Since $x \geq 3$, therefore the required half-plane does not contain $(0,0)$.
Now consider $x+y \geq 5$
Let $x+y=5$
$
\Rightarrow \frac{x}{5}+\frac{y}{5}=1
$

Now $(0,0)$ does not satisfy $x+y \geq 5$, therefore the required half plane does not contain $(0$, $0)$.

Again consider $x+2 y \geq 6$
Let $x+2 y=6$
$
\Rightarrow \frac{x}{6}+\frac{y}{3}=1
$

Here also $(0,0)$ does not satisfy $x+2 y \geq 6$, therefore the required half plane does not contain $(0,0)$.

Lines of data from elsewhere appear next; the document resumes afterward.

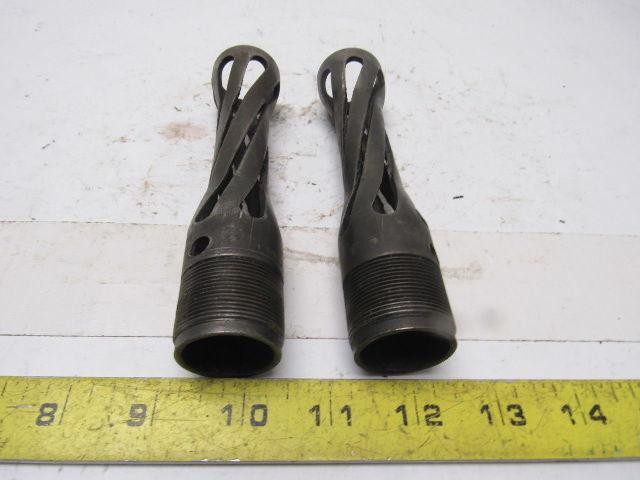1" NA 11/16 Squirrel Cage Feed Finger Lot Of 2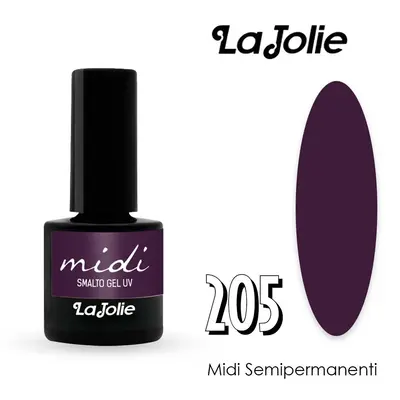 La jolie semi-permanent 7 ml n°205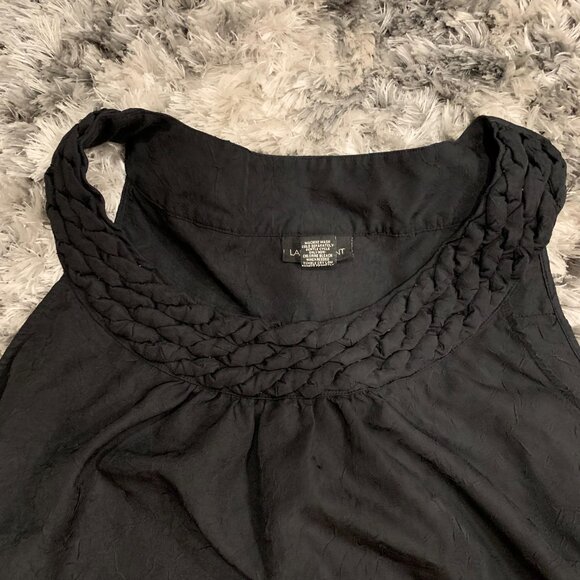 Lane Bryant Black Sleeveless Dress Size 22 - Picture 2 of 6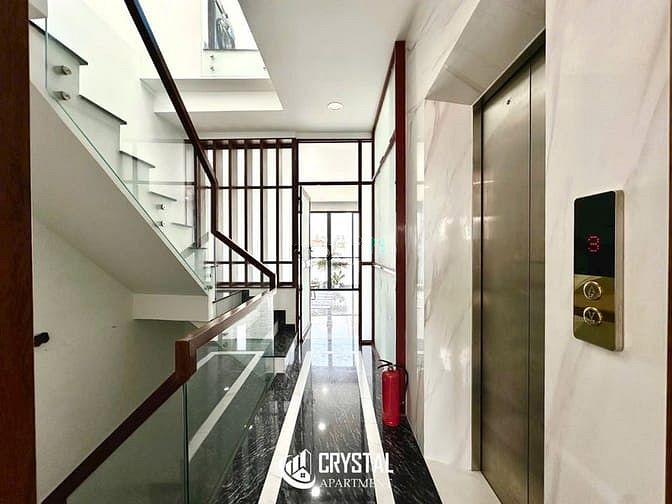 Hình ảnh Penthouse ban công, DT 60m2, full NT, phòng khách siêu rộng gần Aeon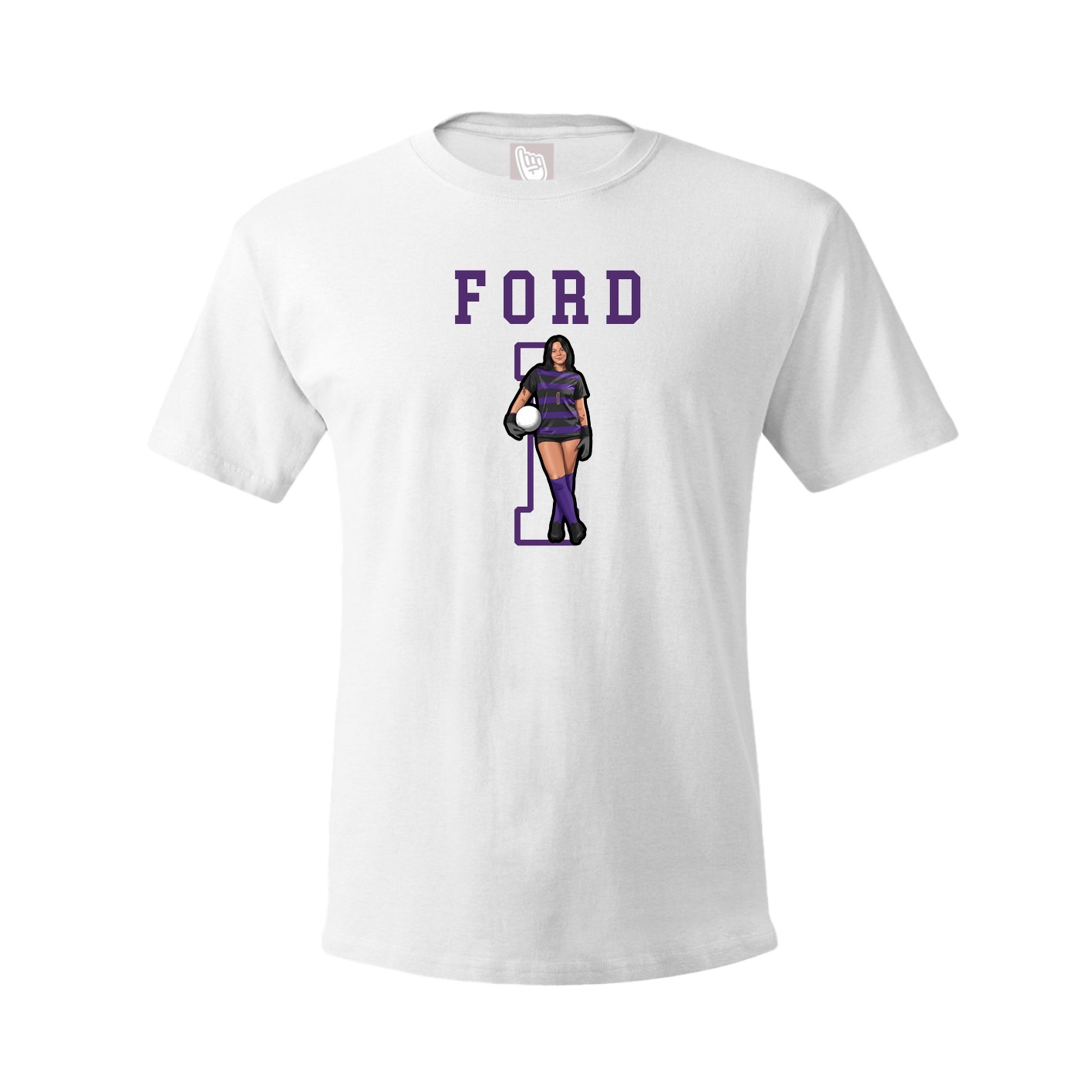 Youth Tee — Shirsey in White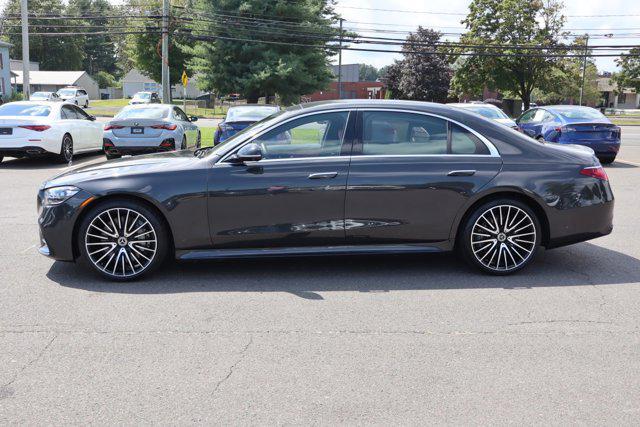 used 2022 Mercedes-Benz S-Class car, priced at $82,995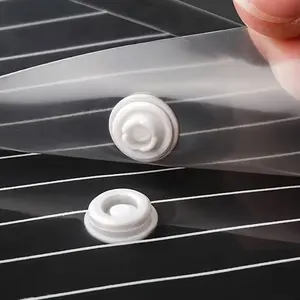 10 PCS A4 transparente Dateibeutel Plastik Dokumente Einreichung Aufbewahrungstasche Student Organizer Information Taschenordner Briefpapier 8 Hauptverkaufsuniversitärpaste - №4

The corners of the feasible region are A $(6,0), \mathrm{B}(4,1)$ and $\mathrm{C}(3,2)$.
At $A(6,0) \mathrm{Z}=-6+2 \times 0=-6$

At $B(4,1) \mathrm{Z}=-4+2 \times 1=-2$
At $C(3,2) Z=-3+2 \times 2=1$
Hence, maximum $\mathrm{Z}=1$ at $x=3, y=2$.
Ex 12.1 Question 10.

Maximize $\mathbf{Z}=x+y$ subject to $x-y \leq-1,-x+y \leq 0, x, y \geq 0$.

Answer.

Consider $x-y \leq-1$
Let $x-y=-1$
$\Rightarrow x=y-1$

If $(0,0)$ is the test point then $x-y \leq-1 \Rightarrow 0 \leq-1$ which is false and thus the required plane does not include $(0,0)$.

Again $-x+y \leq 0$
Let $-x+y=0$
$
\Rightarrow y=x
$

$\text { For }(1,0)-1 \leq 0 \text { which is true, therefore the required half-plane include }(1,0) \text {. }$

It is clear that the two required half planes do not intersect at all, i.e., they do not have a common region.

Hence there is no maximum $\mathrm{Z}$.